■ Work order ■
Copy the listing that follows exactly. Its pictures do not belong in the copy.

● ● ●

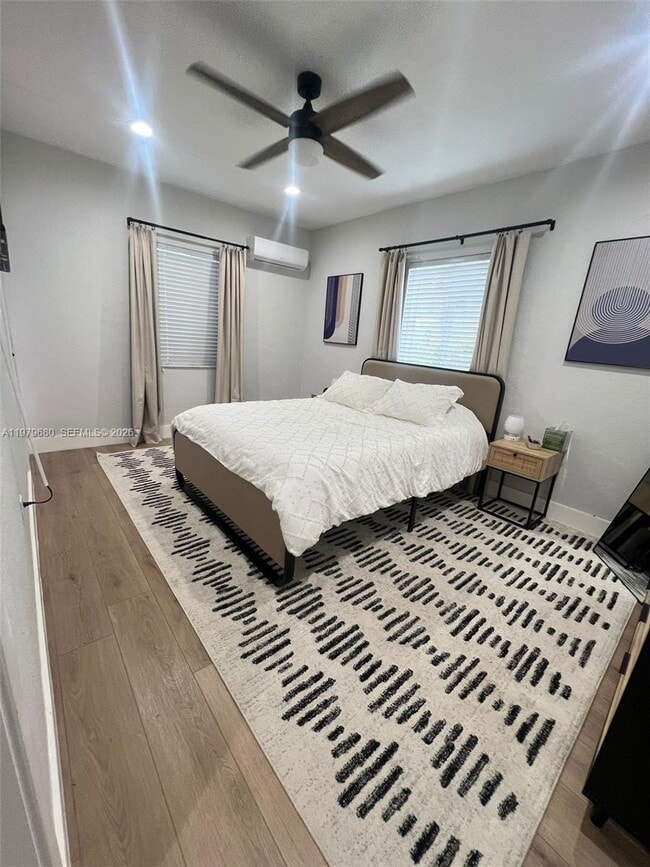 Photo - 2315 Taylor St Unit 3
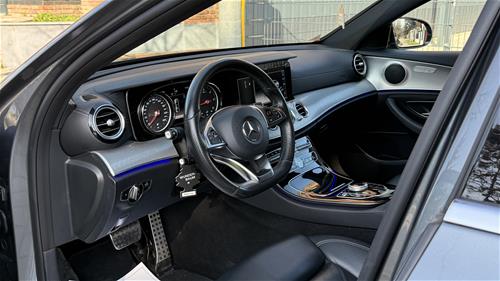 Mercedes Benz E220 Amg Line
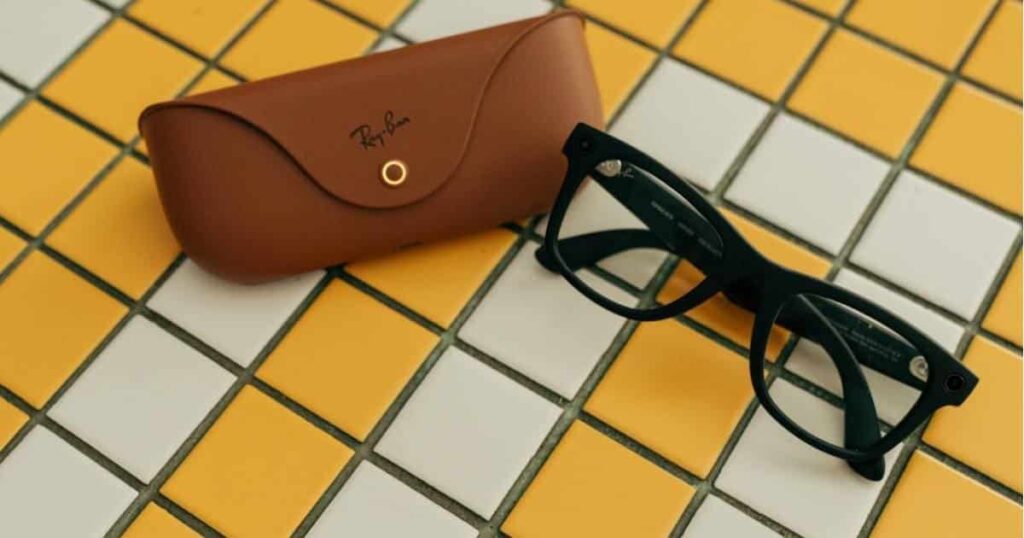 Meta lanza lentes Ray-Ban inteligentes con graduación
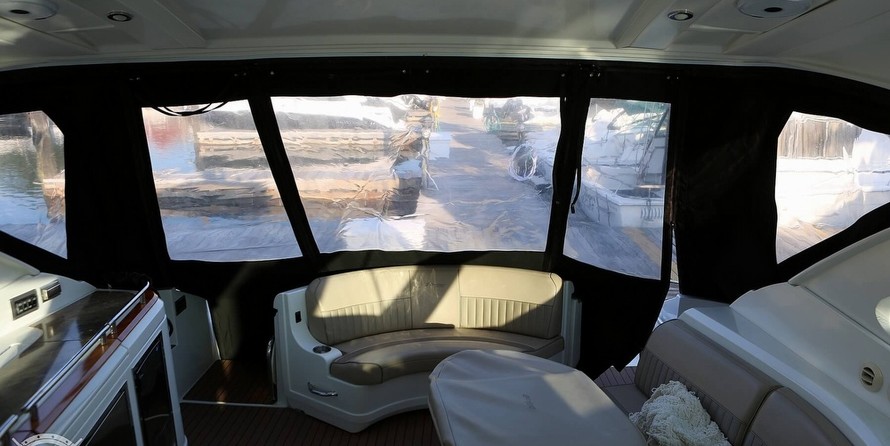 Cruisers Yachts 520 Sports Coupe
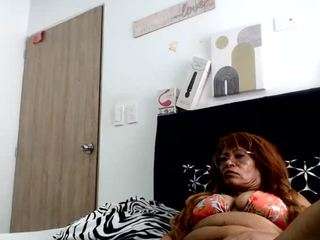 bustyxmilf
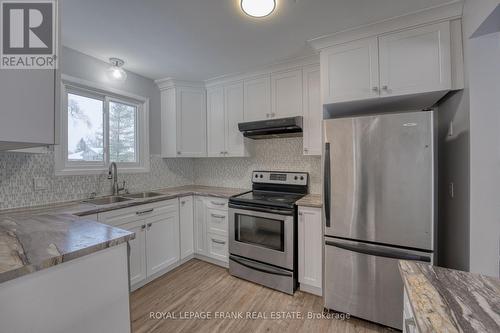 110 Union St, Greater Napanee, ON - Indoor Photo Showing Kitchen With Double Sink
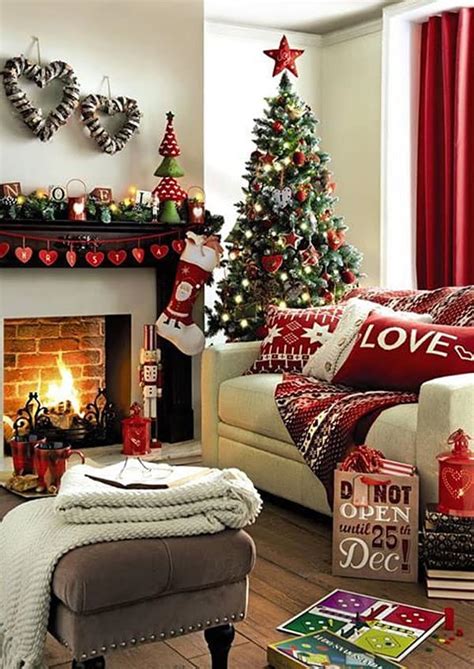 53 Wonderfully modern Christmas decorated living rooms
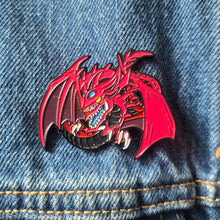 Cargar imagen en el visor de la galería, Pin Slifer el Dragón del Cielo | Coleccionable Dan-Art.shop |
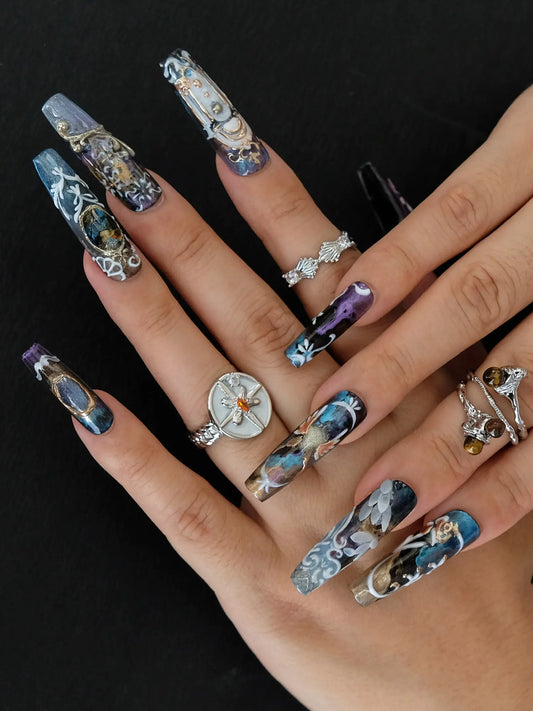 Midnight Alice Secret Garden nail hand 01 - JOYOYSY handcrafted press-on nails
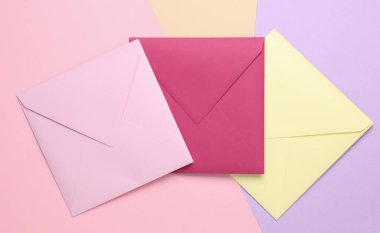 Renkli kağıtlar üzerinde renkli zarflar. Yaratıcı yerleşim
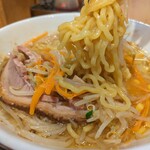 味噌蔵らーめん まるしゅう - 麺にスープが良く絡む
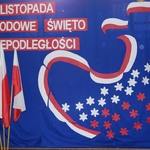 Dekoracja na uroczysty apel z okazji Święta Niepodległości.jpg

● ● ●

■ Exercise answer ■
 Photo - 2315 Taylor St Unit 3
 Mercedes Benz E220 Amg Line
 Meta lanza lentes Ray-Ban inteligentes con graduación
 Cruisers Yachts 520 Sports Coupe
 bustyxmilf
 110 Union St, Greater Napanee, ON - Indoor Photo Showing Kitchen With Double Sink
 53 Wonderfully modern Christmas decorated living rooms
 Cargar imagen en el visor de la galería, Pin Slifer el Dragón del Cielo | Coleccionable Dan-Art.shop |
 Midnight Alice Secret Garden nail hand 01 - JOYOYSY handcrafted press-on nails
 Renkli kağıtlar üzerinde renkli zarflar. Yaratıcı yerleşim
 味噌蔵らーめん まるしゅう - 麺にスープが良く絡む
 Dekoracja na uroczysty apel z okazji Święta Niepodległości.jpg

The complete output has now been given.